Aussitôt après, des heurts ont éclaté dans certains quartiers de Conakry, la capitale, entre forces de l'ordre et partisans du candidat Cellou Dalein Diallo - qui était arrivé en tête du premier tour, et qui a, lui aussi, annoncé être le "vainqueur" du second tour, se basant sur des résultats "purgés" des fraudes. La police indique que le bilan provisoire de ces affrontements s’établit à au moins deux morts et des dizaines de blessés.
Heurts à Bambeto, dans la banlieue de Conakry
Ces incidents ont lieu malgré la présence de l’armée, qui quadrille la capitale, et l’interdiction des manifestations. "Plus les résultats se font attendre, plus la tension monte dans certains quartiers de la capitale", rapporte d'ailleurs l’envoyée spéciale de FRANCE 24 en Guinée, Pauline Simonet.
"On n’acceptera pas les résultats qu'ils vont proclamer parce qu'ils les ont maquillés", a lancé un jeune Guinéen à l'adresse des envoyés spéciaux de FRANCE 24 en Guinée. En compagnie d’autres militants pro-Diallo, il a affronté - à coup de jets de pierre - pendant plusieurs heures les forces de l’ordre à Bambeto, dans la banlieue de Conakry.

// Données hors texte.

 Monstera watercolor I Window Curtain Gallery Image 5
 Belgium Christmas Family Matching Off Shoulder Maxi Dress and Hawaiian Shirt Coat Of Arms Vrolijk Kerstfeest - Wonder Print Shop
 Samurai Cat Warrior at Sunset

Après s’être rapidement rendu sur les lieux, le gouverneur de Conakry a mis en garde les fauteurs de troubles : "Ceux qui ont donné l'argent la nuit pour faire sortir les enfants (…) seront arrêtés et traduits devant la justice. Ils devront répondre de leurs actes devant la justice."

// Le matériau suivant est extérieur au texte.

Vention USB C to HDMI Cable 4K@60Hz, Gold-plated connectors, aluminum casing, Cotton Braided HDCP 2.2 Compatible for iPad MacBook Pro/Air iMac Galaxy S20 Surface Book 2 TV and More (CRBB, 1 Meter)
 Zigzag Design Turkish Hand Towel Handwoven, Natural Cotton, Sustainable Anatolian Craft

it"Il y a un risque que l’armée revienne au pouvoir"
"La situation est d’autant plus difficile qu’au premier tour Cellou Dalein Diallo avait recueilli 44 % des voix et Alpha Condé 18 %. On pensait donc que Diallo n’aurait aucun problème à l’emporter", rappelle, sur le plateau FRANCE 24, Antoine Glaser, ancien directeur de "La Lettre du continent", qui craint que le pays ne connaisse une nouvelle période de troubles malgré "l'avancée formidable qu’a été la tenue de cette première élection démocratique". "Si les deux leaders ne s’entendent pas et si l’un d’eux ne reconnaît pas sa défaite, il y a un risque que l’armée revienne au pouvoir", prévient-il.

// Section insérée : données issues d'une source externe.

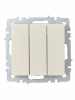 BRITE Выключатель трехклавишный 10А ВС10-3-0-БрКр бежевый IEK BR-V30-0-10-K10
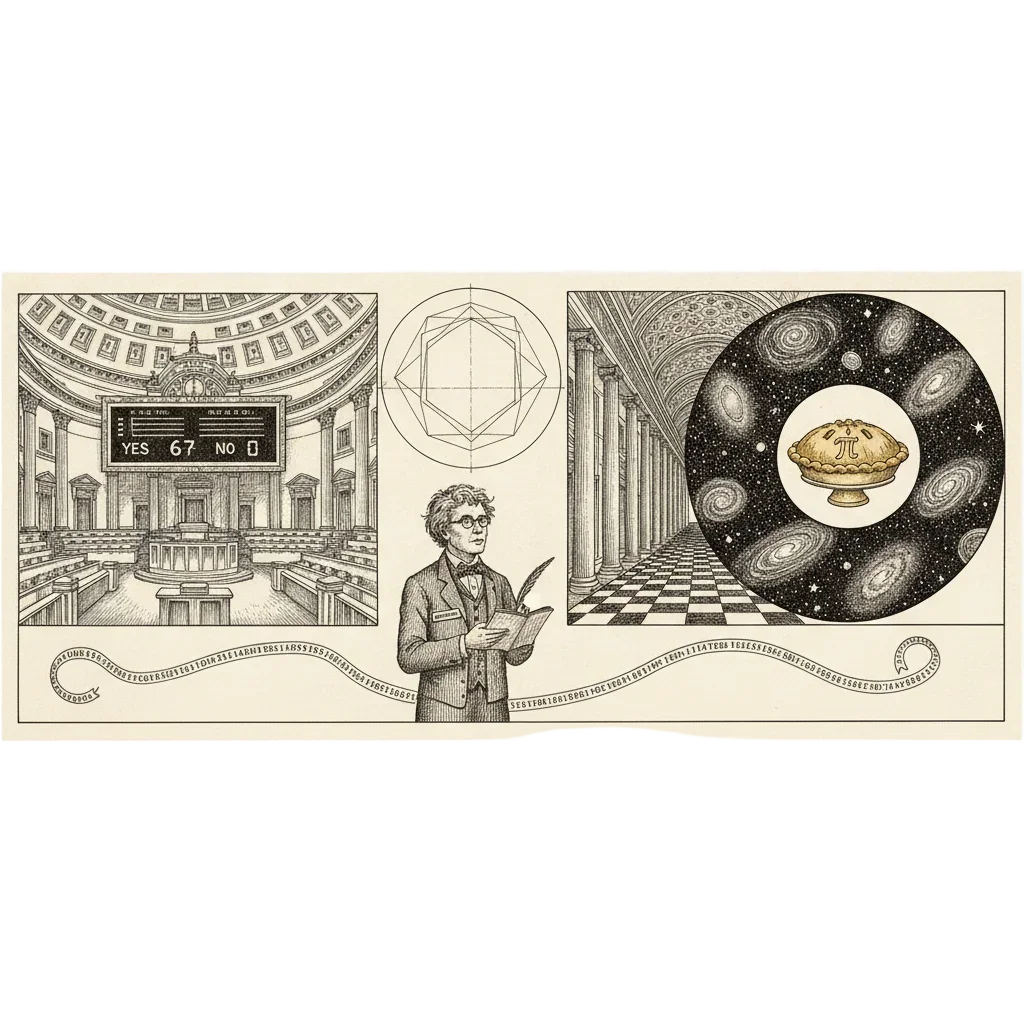 Recap ink illustration panel combining: the Indiana chamber with 67-0 tally, Professor Waldo in the corridor, Archimedes 96-sided polygon, an endless digit ribbon, a universe circle, and a Pi Day pie at the centre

Candidat du Rassemblement du peuple de Guinée (RPG), Alpha Condé, qui appartient à l'ethnie malinké, est arrivé en deuxième position au premier tour de scrutin, avec 18,25 % des voix. Opposant historique des deux premiers chefs de l'État guinéen, Sékou Touré (1958-1984) et Lansana Conté (1984-2008), il a déjà participé à deux présidentielles, en 1993 et en 1998. Longtemps exilé en France, incarcéré au lendemain de la présidentielle de 1998, il a été condamné en 2000 à cinq ans de prison pour "atteintes à l’autorité de l’État et à l’intégrité du territoire national", avant d’être gracié en 2001.
Dimanche, des dizaines de partisans de Diallo ont protesté devant le siège de son parti et ont accusé les autorités de faire pression sur la Céni pour qu'elle penche en faveur de Condé.
Les militants pro-Diallo reprochent en outre à leurs adversaires de s’être ligués contre leur candidat du fait de son origine ethnique. Issu de la communauté peule, l'ancien Premier ministre pourrait en effet devenir le premier président guinéen issu de cette ethnie. "Les peuls sont les grands commerçants du pays, ils sont majoritaires en Guinée mais ils n’ont jamais été au pouvoir, explique Antoine Glaser. Ils considèrent que c’est leur tour."
Ce spécialiste de l’Afrique francophone redoute que le pays ne connaisse un nouveau repli identitaire et ethnique, les partisans de Diallo ayant le sentiment d’être victimes d’une campagne "tout sauf les Peuls".
Les Guinéens ont l’opportunité de porter au pouvoir un civil après 52 ans de régimes dictatoriaux ou autoritaires.